#### [Description of the task]
Only the lines from the one with "kia Rio 1.1" through the final line below belong in the answer, copied exactly and without pictures.

#### [Available records]
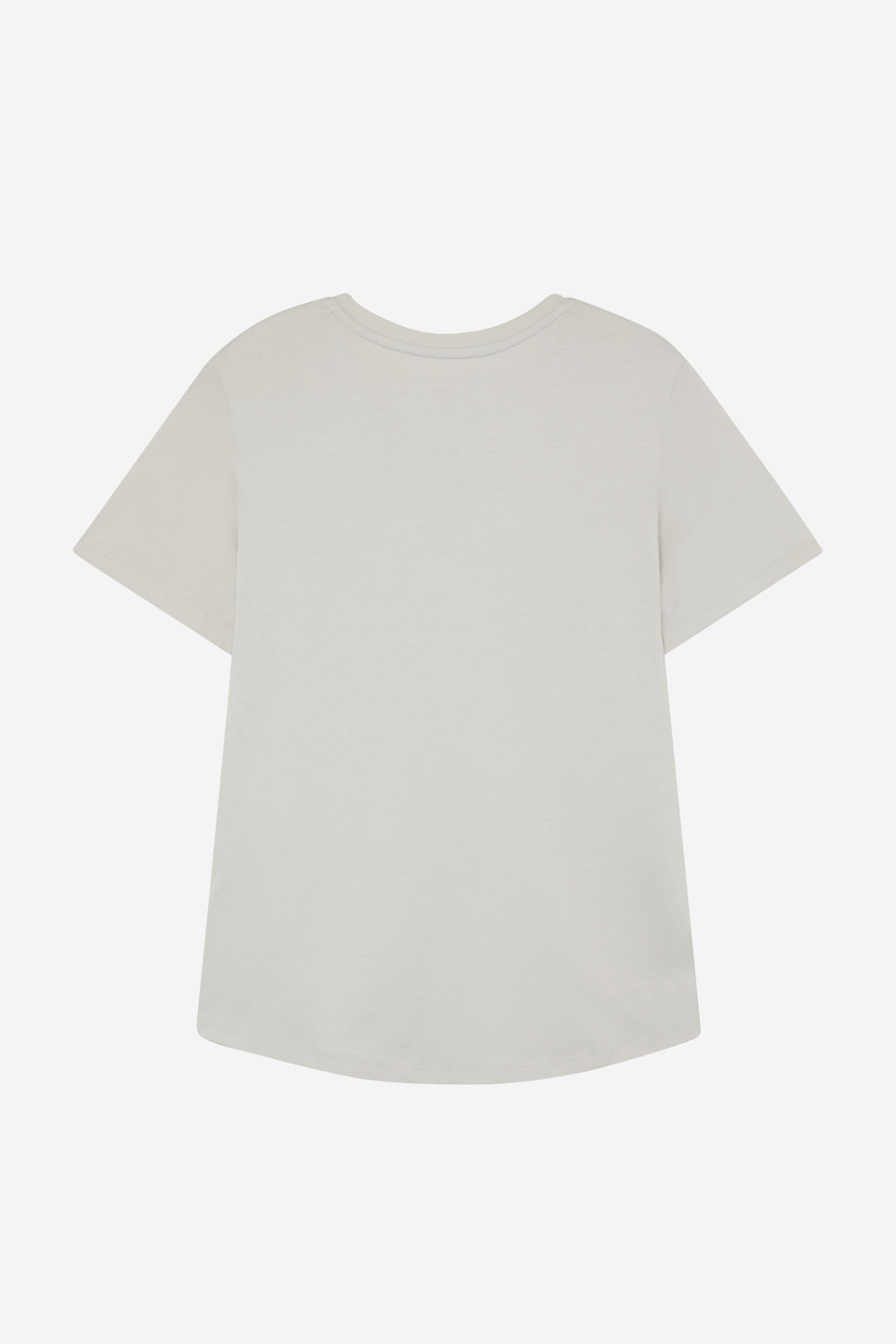 T-SHIRT REGENERATION LAKE GRAY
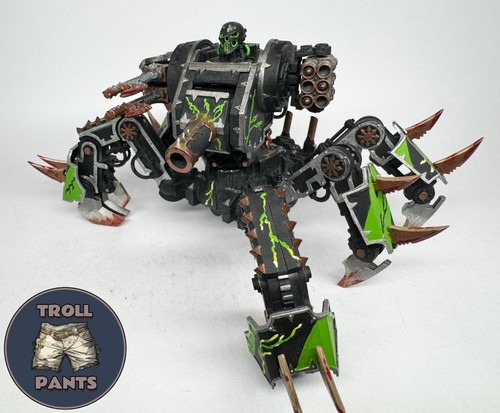 Defiler chaos space marines - -,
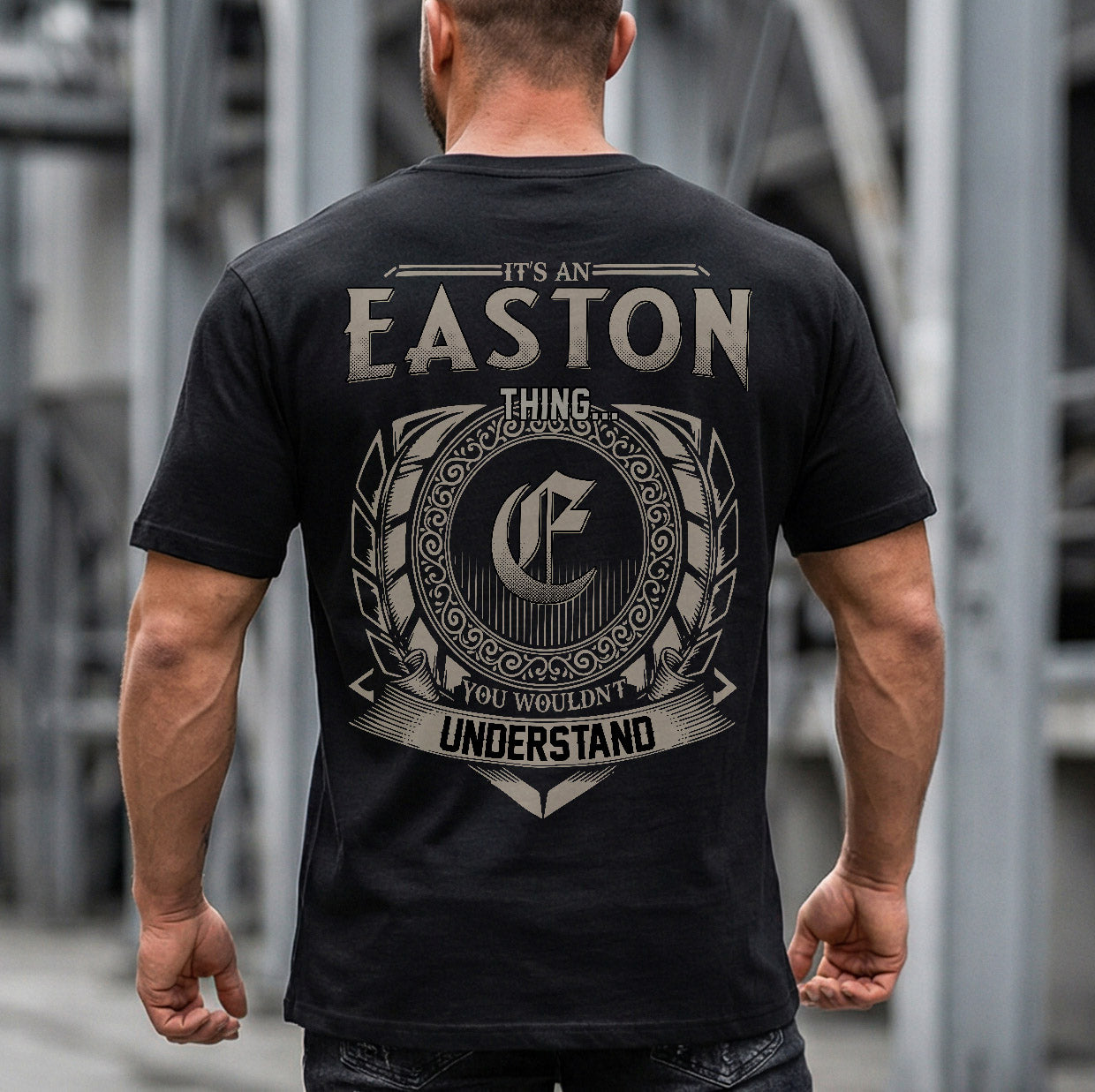 EASTON HH88-K2–Personalized Name Quote Apparel “It’s a/an NAME Thing You Wouldn’t Understand”
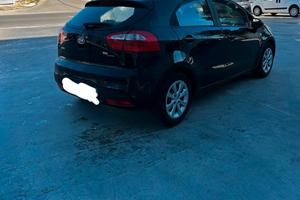kia Rio 1.1 crdi 75 cv diesel consumi bassissimi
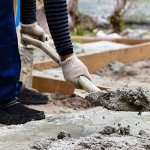 Evridwear Safety Knit Work Gloves - Large Size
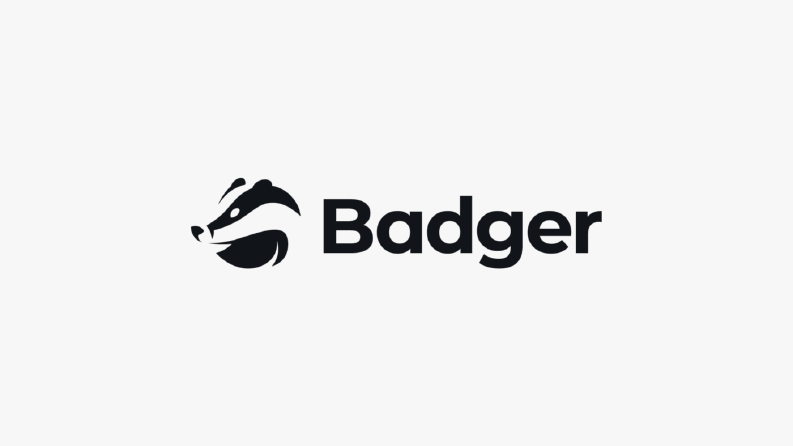 Badger - Logo Tasarımı Konsepti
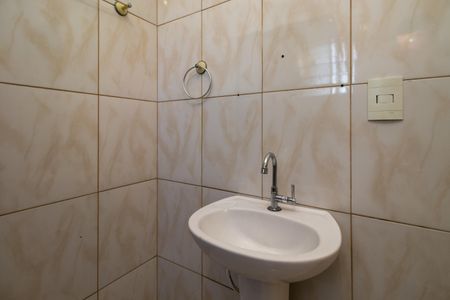 Casa para alugar com 45m², 1 quarto e sem vagaBanheiro Social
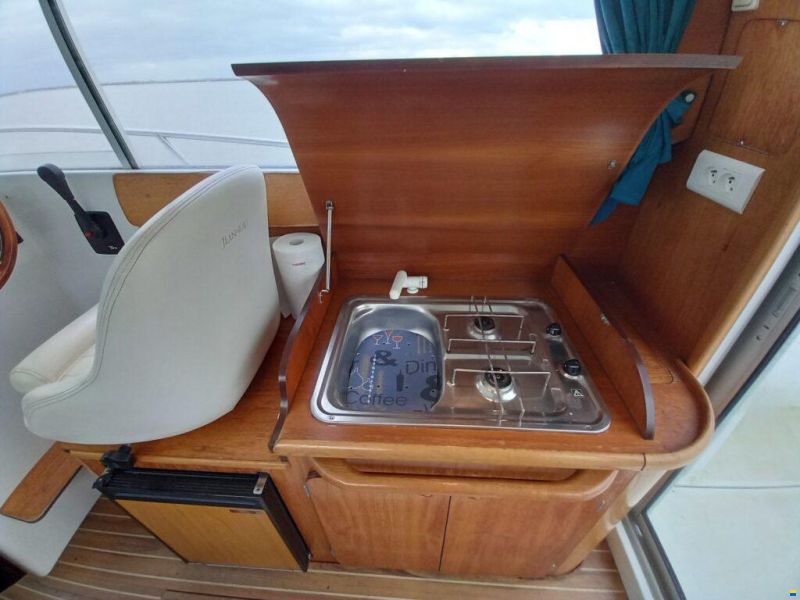Jeanneau Merry Fisher 805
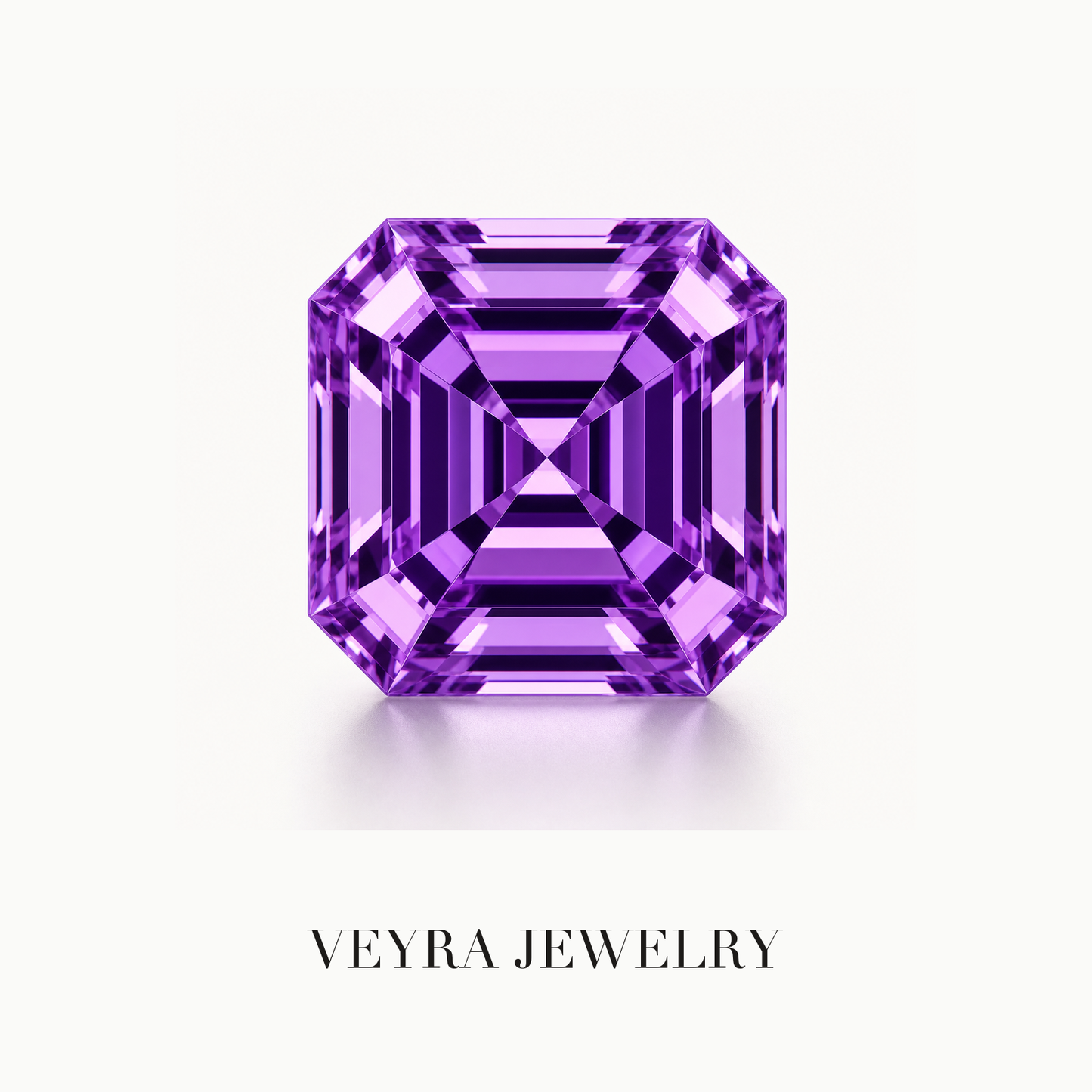 Cushion Cut D Color VVS Loose Moissanite Stone – Luxury Diamond Alternative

#### [Response area]
kia Rio 1.1 crdi 75 cv diesel consumi bassissimi
 Evridwear Safety Knit Work Gloves - Large Size
 Badger - Logo Tasarımı Konsepti
 Casa para alugar com 45m², 1 quarto e sem vagaBanheiro Social
Jeanneau Merry Fisher 805
 Cushion Cut D Color VVS Loose Moissanite Stone – Luxury Diamond Alternative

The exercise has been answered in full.